Direct Marketer of the Year Grolier's Dante Cirilli (3,801 wor
We published the product, binding it to match the encyclopedia set. It pulled huge numbers, around 20 percent, and brought in $3 million in sales at a very high profit. Bob Clarke was so thrilled he sent me and my wife to Acapulco. I was a hero.
In hindsight, Cirilli says that the product could have been marketed even more aggressively—and made a lot more money, too. "But," he laments, "we were a very conservative company at the time."
The Yearbook helped temporarily boost the company's numbers, but two years later, Grolier was still in trouble.

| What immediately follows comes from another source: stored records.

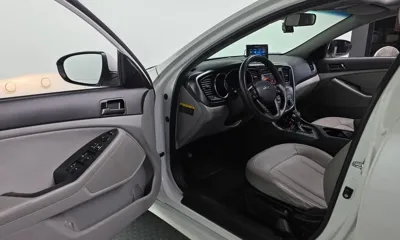 Kia K5 2013, 106871 км, за 2734.91 USD - фото 10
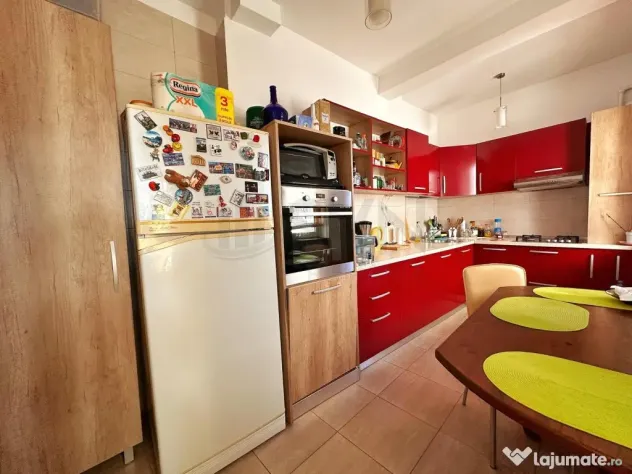 Gradina Icoanei l 3 Camere l 103MP l Boxa l Lift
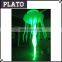 wholesale inflatable led jellyfish, inflatable lighting wedding decorations, party decorations for sale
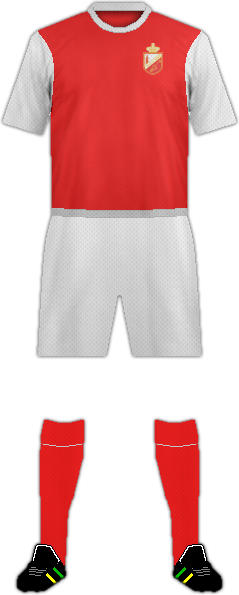 Kit RAEC MONS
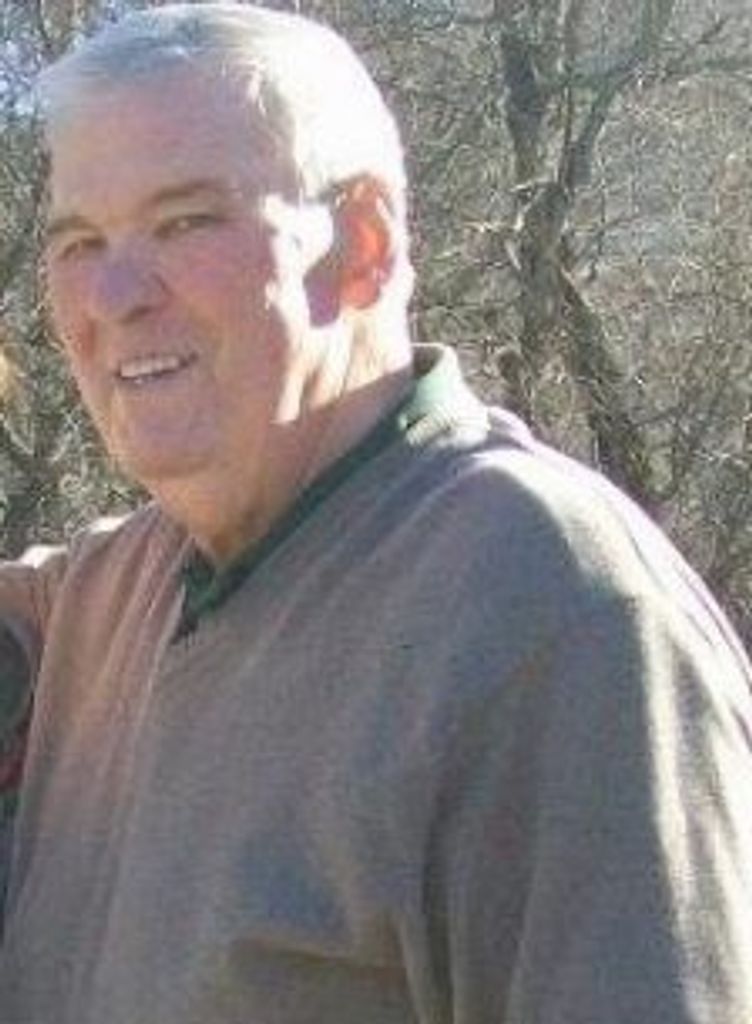 Charles Edmond Smith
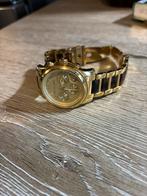 Horloge Dames/ Heren  Michael Kors.MK. 5659, Overige merken, Staal, Polshorloge, Ophalen of Verzenden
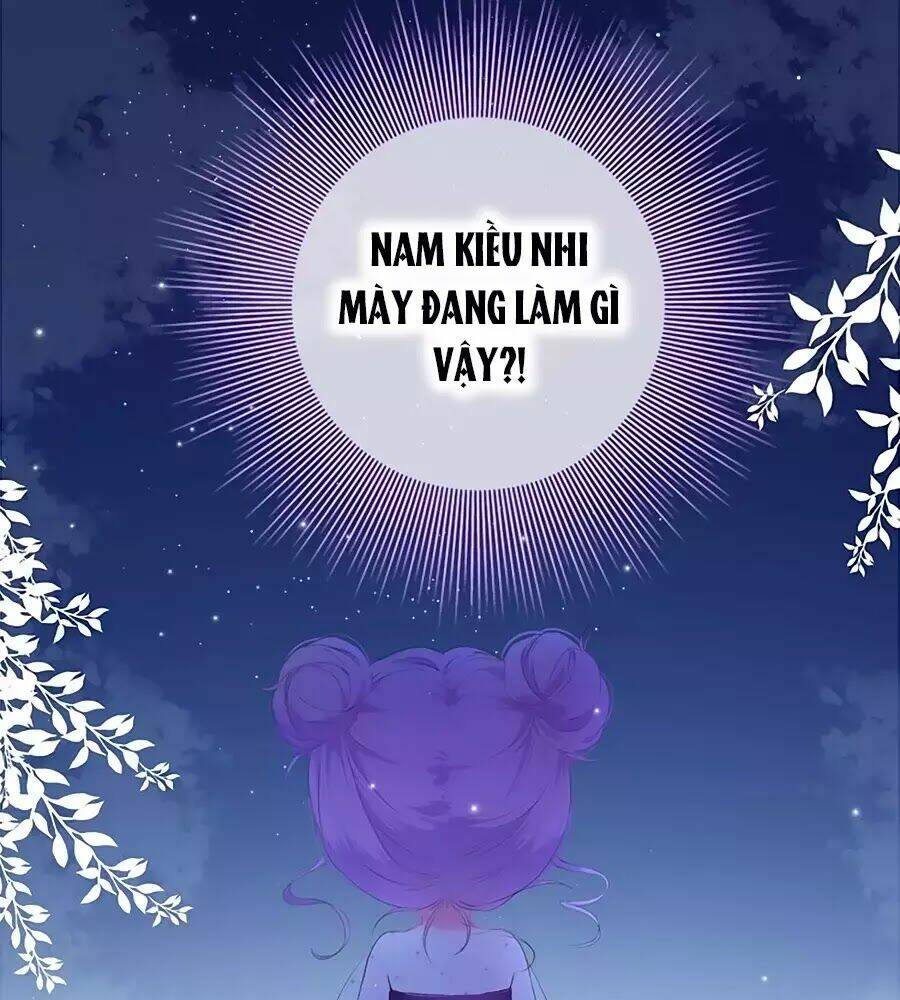 Kiều Nhi Không Nghe Lời Chương 5 Ảnh 14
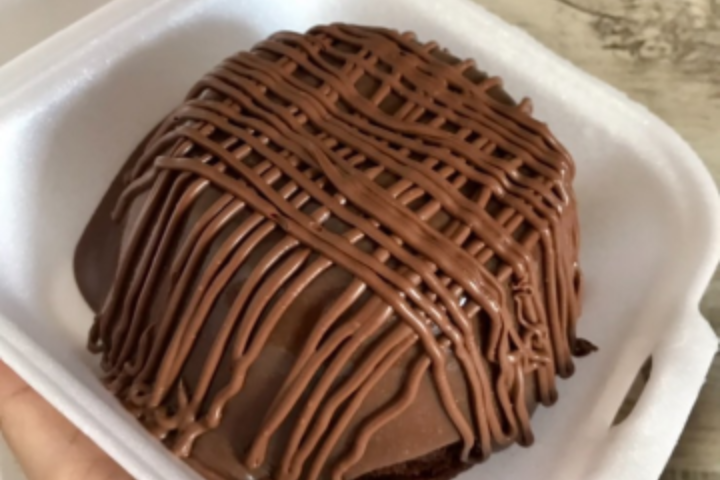 item delicioso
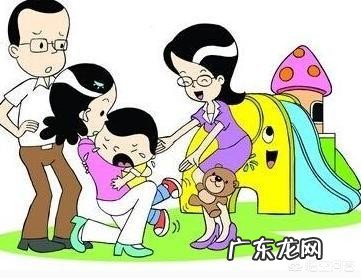 幼儿园小班小孩入园哭泣,怎么解决?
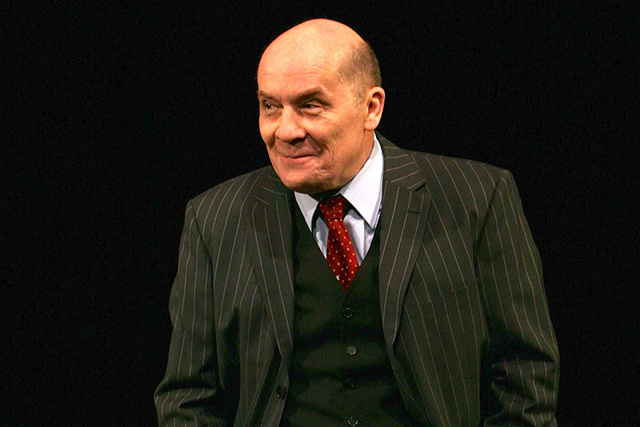 Спектакль «Один день Ивана Денисовича» – события на сайте «Московские Сезоны»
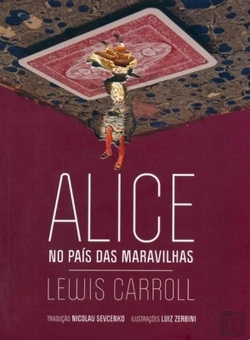 Bertrand.pt - Alice no País das Maravilhas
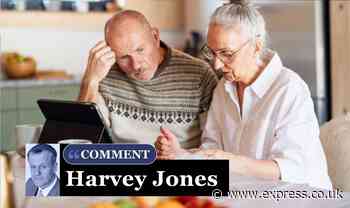 Millions think they’ll never pay inheritance tax. They could be in for a nasty surprise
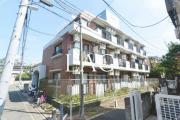 ＪＲ総武本線市川駅まで徒歩6分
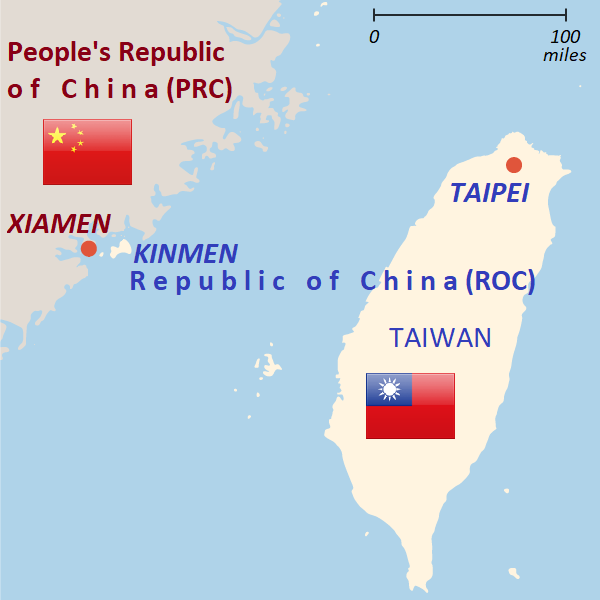Pillandia's tweet photo. Xiamen (Repubblica Popolare Cinese 🇨🇳, orizzonte) vista da Kinmen (Repubblica di Cina 🇹🇼, comunemente detta Taiwan).
📸: 2019.
#ROC #PRC #中華民國 #中华民国 #中国 #台湾 #Xiamen #廈門 #厦门 #Kinmen #金門 #金门 #Amoy #Quemoy #Taiwan #Riigipiir #Confine #Border #国境 #边界 https://t.co/PqXQrln1ND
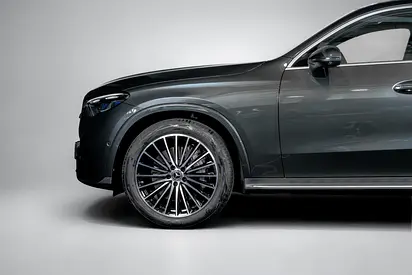 صورة مصغرة 6 لـ 2026 Mercedes-BENZ GLC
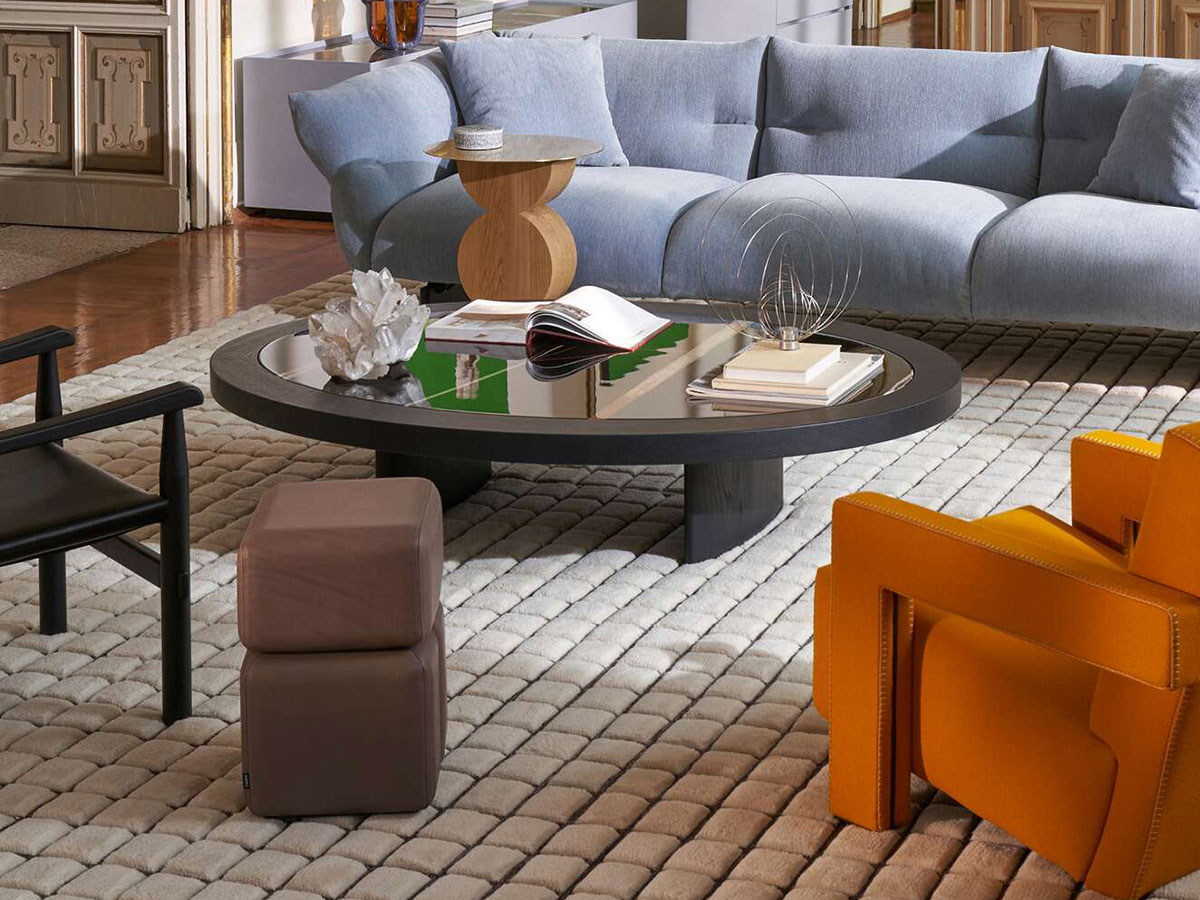 Cassina Table Monta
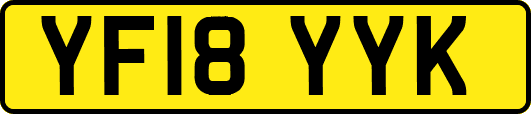 YF18YYK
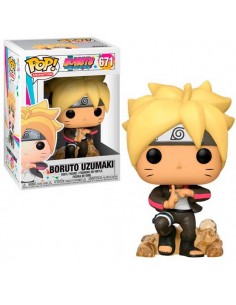 Funko Pop Naruto Sage Mode Special Edition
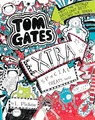 Extra Special Treats (Not) (Tom Gates, 6, Band 6)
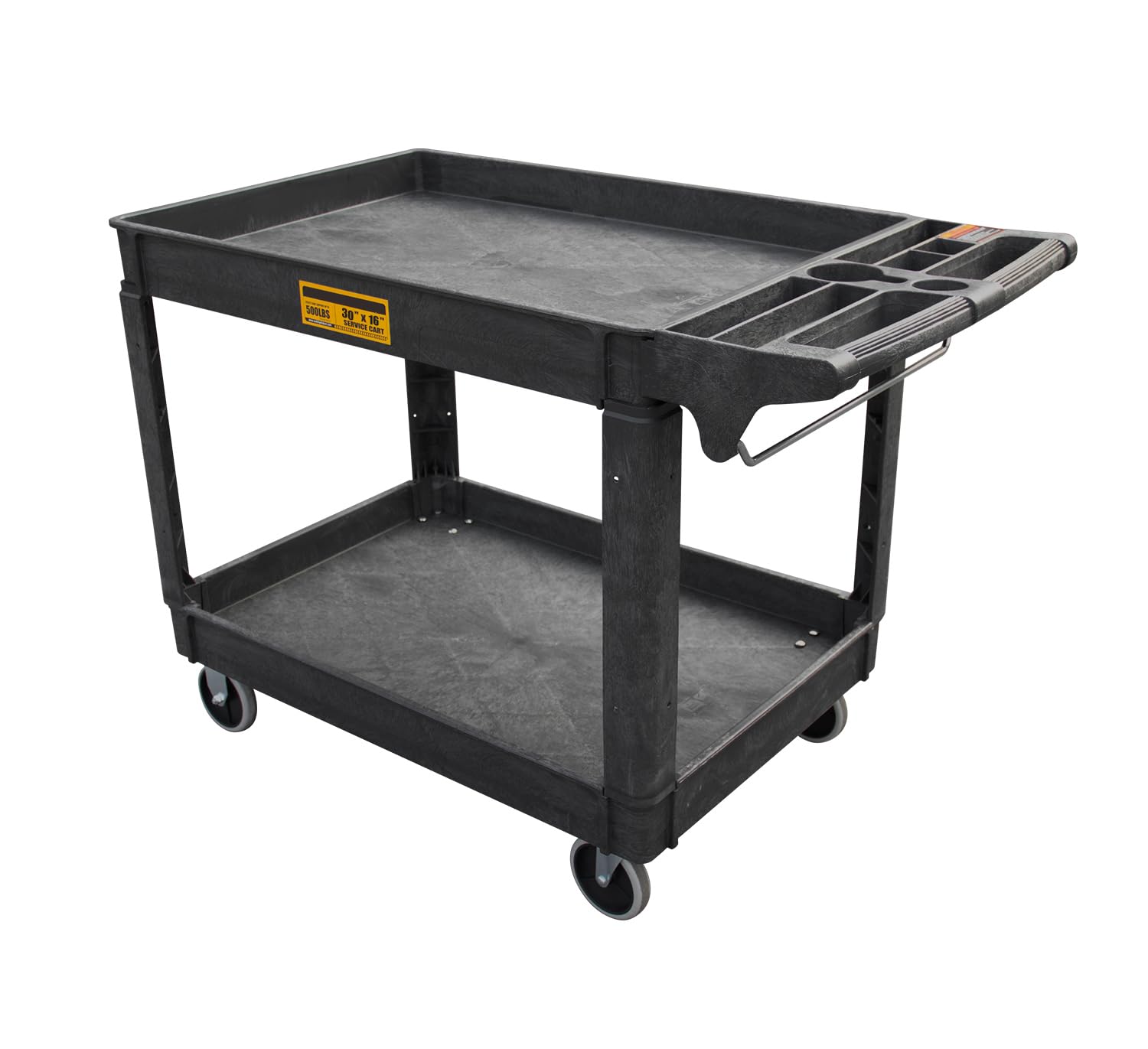 Utility Service Cart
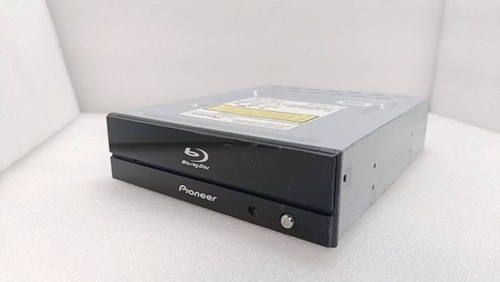 Pioneer bdr s09jbk internes - bdr-s09jbk,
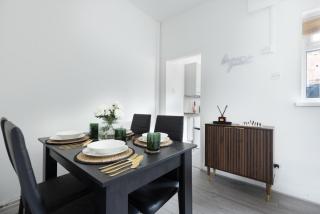 Station House - Long Stays - York - 2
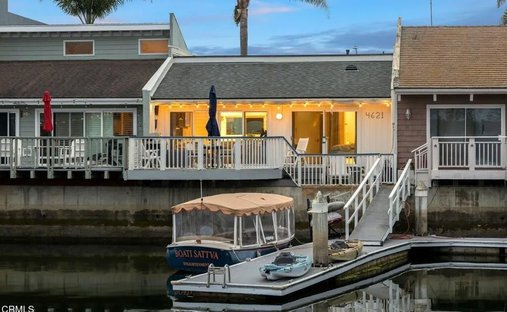 Condo in Oxnard, California, United States 1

Bob Clarke, who by then was Grolier's president, knew a lot of people at Time-Life, which was having great successes in telemarketing at the time. Cirilli recalls, "Our marketing people were just playing with telemarketing. Clarke made a deal with Time-Life's Joan Manley, president of the book division at the time. She decided that since we weren't direct competitors it would be OK to help us out, especially since it would be a negative blow to the entire publishing industry in New York if Grolier were to go under."
The deal Time-Life laid out was this: "We'll let you send one person to visit our Alexandria telemarketing center for one day. This person may not take notes but may observe everything going on from hiring and training to scripts and calling."
Cirilli was the person chosen to go. "I went down there and spent the day taking it all in, everything I could see and observe, asking questions. Then instead of coming back that evening, I spent the entire night in my hotel room writing down as much as I could remember."
When Cirilli came back with all the information he could glean from the trip, Clarke appointed him to set up a telemarketing operation at Grolier. Within two years, the telemarketing center was up and running and making 10 million calls annually.